Exercise prompt: Begin at the line where "Dogs more at" appears and reproduce exactly every line through the end of the data below, both included, skipping pictures.

═══ Data for analysis

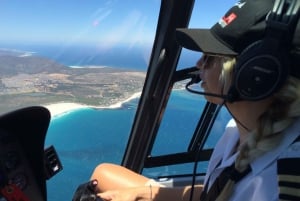Depuis Le Cap : vol panoramique en hélicoptère dans la péninsule du Cap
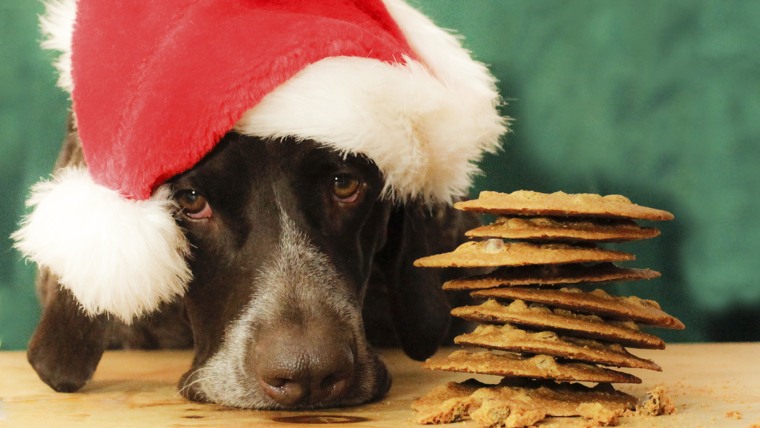 Dogs more at risk of chocolate poisoning during Christmas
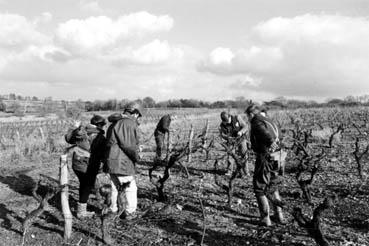 Iconographie - Taille de la vigne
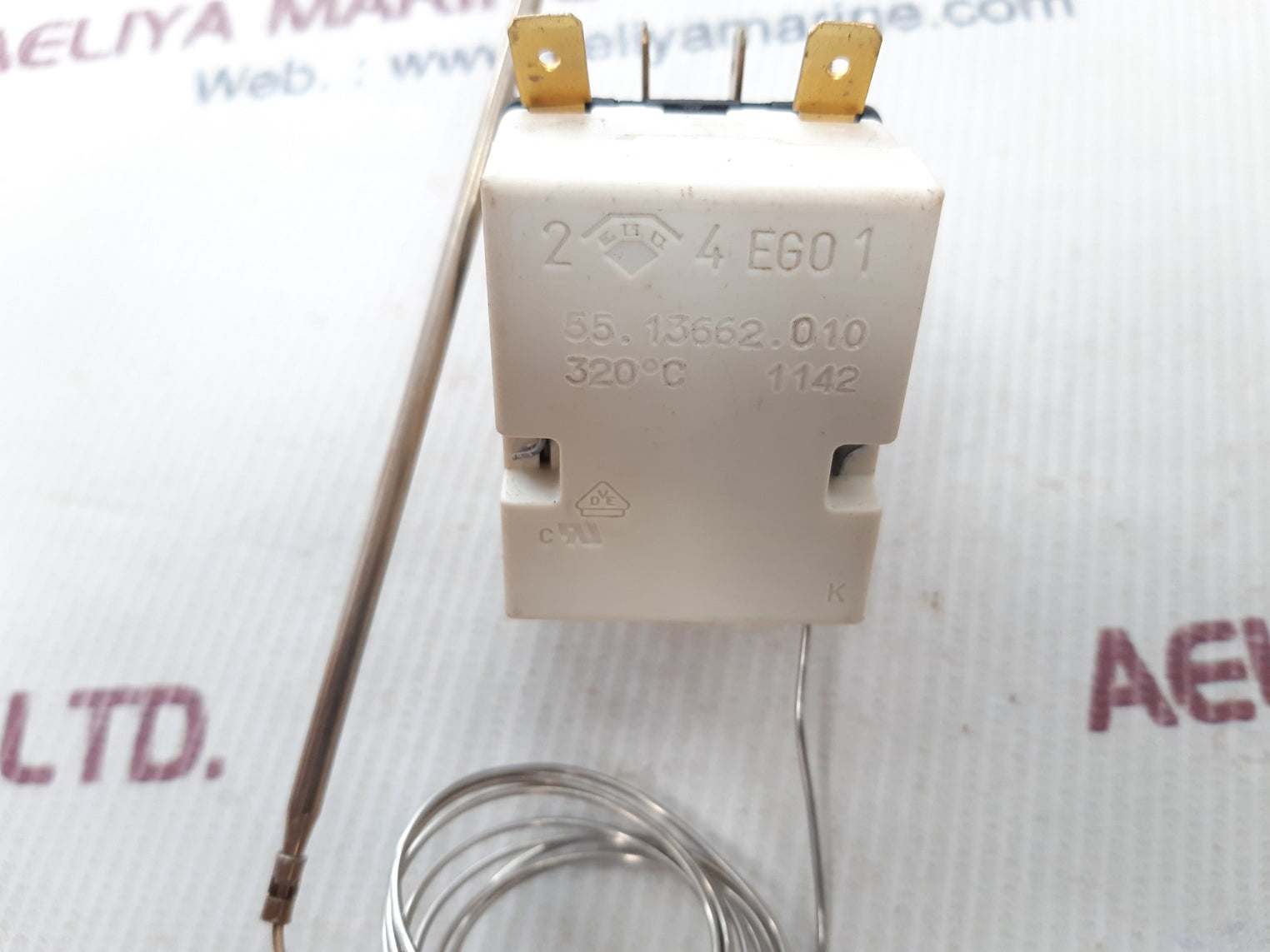 Ego 55.13662.010 thermostat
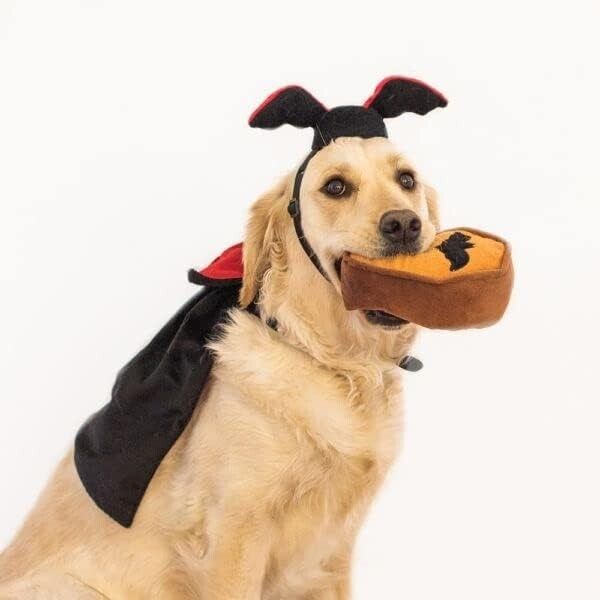 ZIPPY PAWS Halloween Costume Kit Dracula Costume for Dogs One Size Fits All eBay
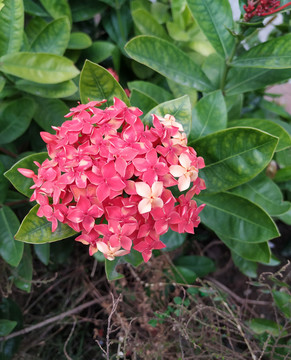 繡球花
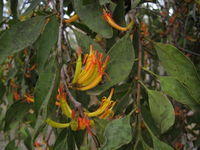 Muellerina eucalyptoides flowers and leaves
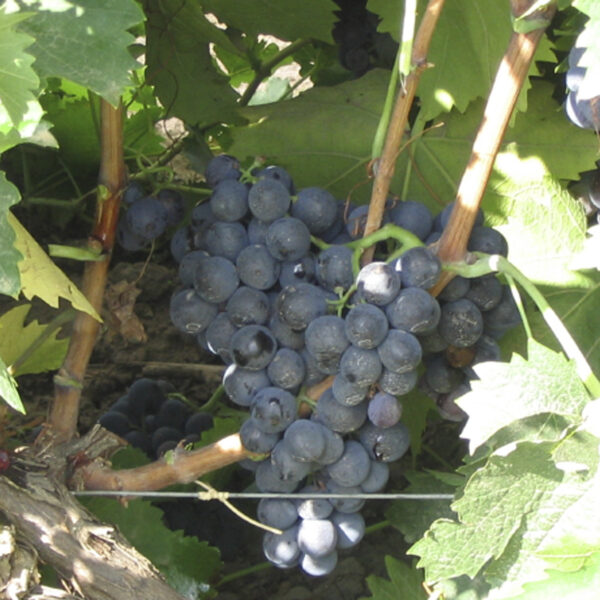 uva mesa moscatel hamburgo provedo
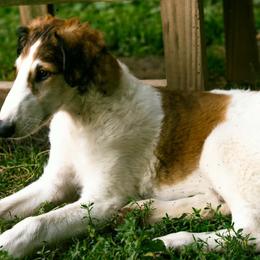 Borzois from Emerald City Borzoi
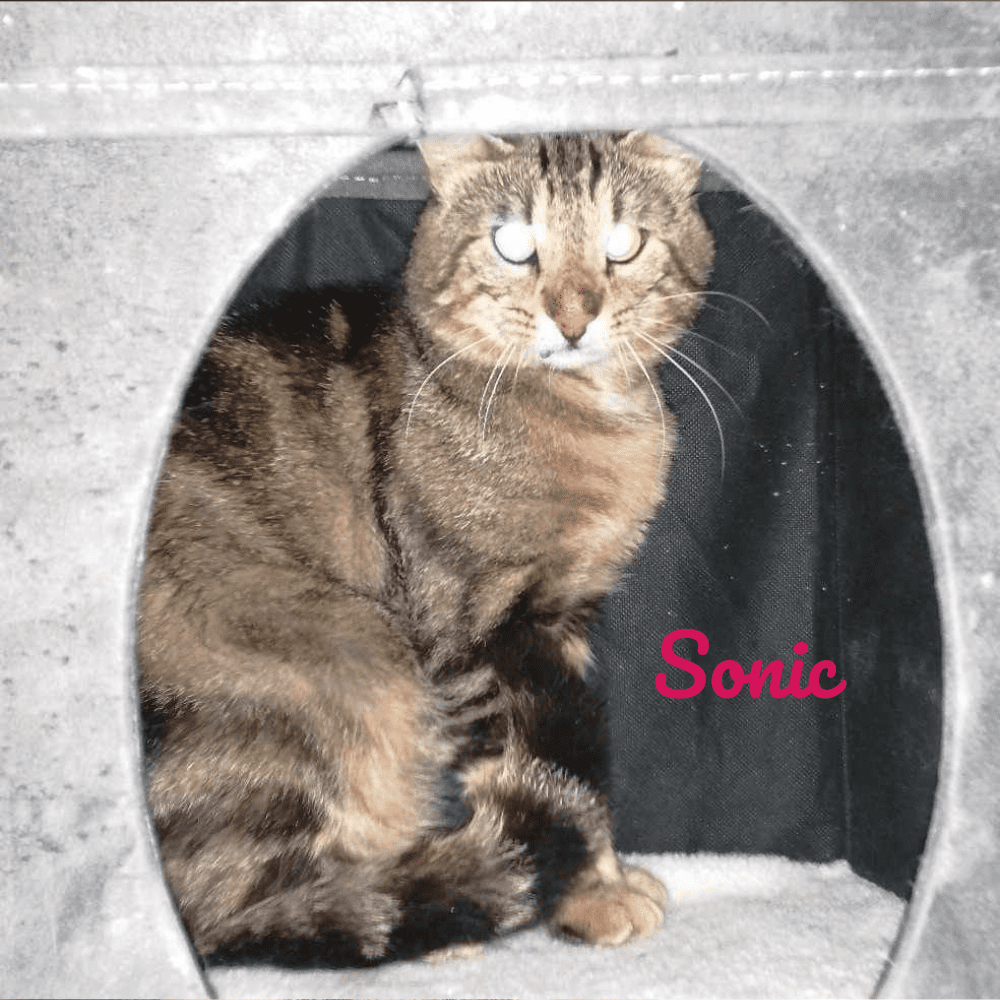 Sonic
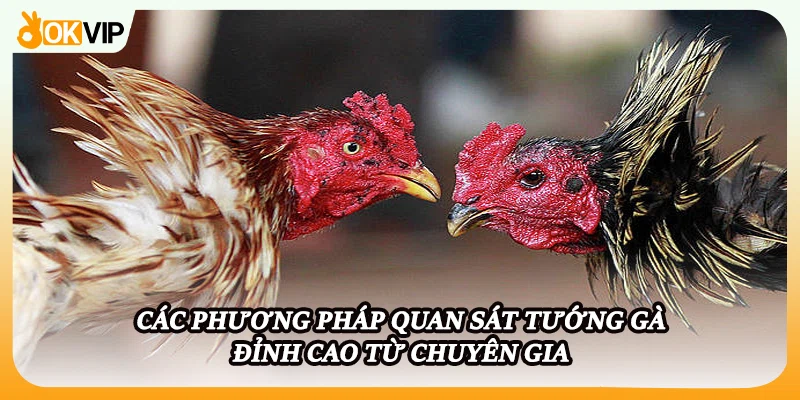 Các phương pháp quan sát tướng gà đỉnh cao từ chuyên gia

══════

Result:
 Dogs more at risk of chocolate poisoning during Christmas
 Iconographie - Taille de la vigne
 Ego 55.13662.010 thermostat
 ZIPPY PAWS Halloween Costume Kit Dracula Costume for Dogs One Size Fits All eBay
 繡球花
 Muellerina eucalyptoides flowers and leaves
 uva mesa moscatel hamburgo provedo
 Borzois from Emerald City Borzoi
 Sonic
 Các phương pháp quan sát tướng gà đỉnh cao từ chuyên gia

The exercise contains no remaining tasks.